For this list, highly popular series like Percy Jackson and the Olympians and Harry Potter are not listed, because most likely you all have heard of them.
(10) The Testing Trilogy by Joelle Charbonneau. A Hunger Games and Divergent rip-off, Malencia Vale finds herself competing for admission to the University. Soon she finds that her perfect view of The Commonwealth challenged. It’s badly written, and as I said above a rip-off, but I found myself liking it anyway. I feel like it also missed out on a really good plot-twist at the end.
(9) The Messenger of Fear by Michael Grant. Creepy book but very interesting concept and good build up to the ending.
(8) The Calling by James Frey. The end is coming, and for centuries one member of various families have been preparing.
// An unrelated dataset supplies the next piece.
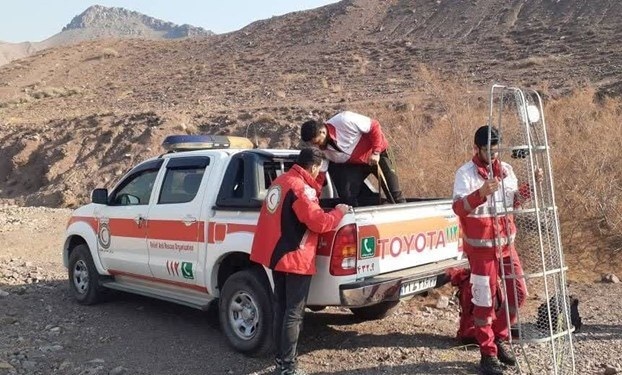 نجات ۵ کوهنورد گرفتار در قله جلویک پاکدشت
This story has lots of interesting characters, and the second book is on my to-read pile.
(7) The Paladin Prophecy by Mark Frost. Will West has lived his life by the rules, and soon he finds them being put to the test at a new boarding school. Life isn’t what it seems. The second book is seriously boring, but the first one was very interesting.
(6) The Rule of Three/Fight for Power by Eric Walters. This is a trilogy, but I’m not recommending the third book just because I haven’t read it yet. The story starts when all technology just stops working. As the world descends into chaos, teenaged Adam finds himself leading his community alongside his mom – a policewoman – and his neighbor Herb.
(5) The Gone Series by Michael Grant. This series is depressing, but has good character development as well worldbuilding. The first book Gone starts with every adult disappearing, and soon animals evolve and the left over teenagers find themselves with powers. The main character Sam finds himself in a politic struggle with Caine, a charismatic leader from a boarding school in the area. Both having powers, the struggle soon turns to war.
(4) The Princess Academy by Shannon Hale. This series follows a young girl named Miri who finds a love for learning. In the first book of the same title, Miri and several other girls from Mount Eskel participate in the Princess Academy after the kingdom decides their prince will find a wife there. However, the teachers find a bunch of uneducated, unrefined girls. Not caring about the prince but hoping to prove herself Miri throws herself into the education ad competition. The prize? A beautiful dress and being the first girl to meet the prince.
(3) Memory’s Wake by Selina Fenech. Memory is a sixteen-year-old-girl who wakes up in a foreign, magical land with no memory what-so-ever. She soon teams up with the mysterious Eloryn, the thief Roen, and rogue Will and is wrapped up in a fight for the throne.
(2) Books of Bayern by Shannon Hale. This series isn’t fast-paced or action-focused, but has great character development and many strong female leads. The story starts in Goose Girl, based off of the fairy tale by the same name. Princess Ani was married off to a prince in a neighboring kingdom called Bayern, but along the way her maid rebels and takes her spot. She is forced to work as a goose girl. The next book, Enna Burning, follows her new friend Enna; River Secrets follows Razo, the sheep boy during Goose Girl; and Forest Born follows Razo’s sister Rin, who believes she is cursed with people speaking – a power which only the antagonists seem to have.
(1) The Reckoners by Branden Sanderson. This series, starting with Steelheart, has great action, characters, plot, and worldbuilding. The story takes place in a world where superhumans called epics have taken over America. The plot follows David Charleston, whose farther was killed by Steelheart, as he tries to get a position on an anti-epic team called The Reckoners. After proving that he had tremendous knowledge of epics, most of all Steelheart, they eventually let him join. From there, chaos ensues.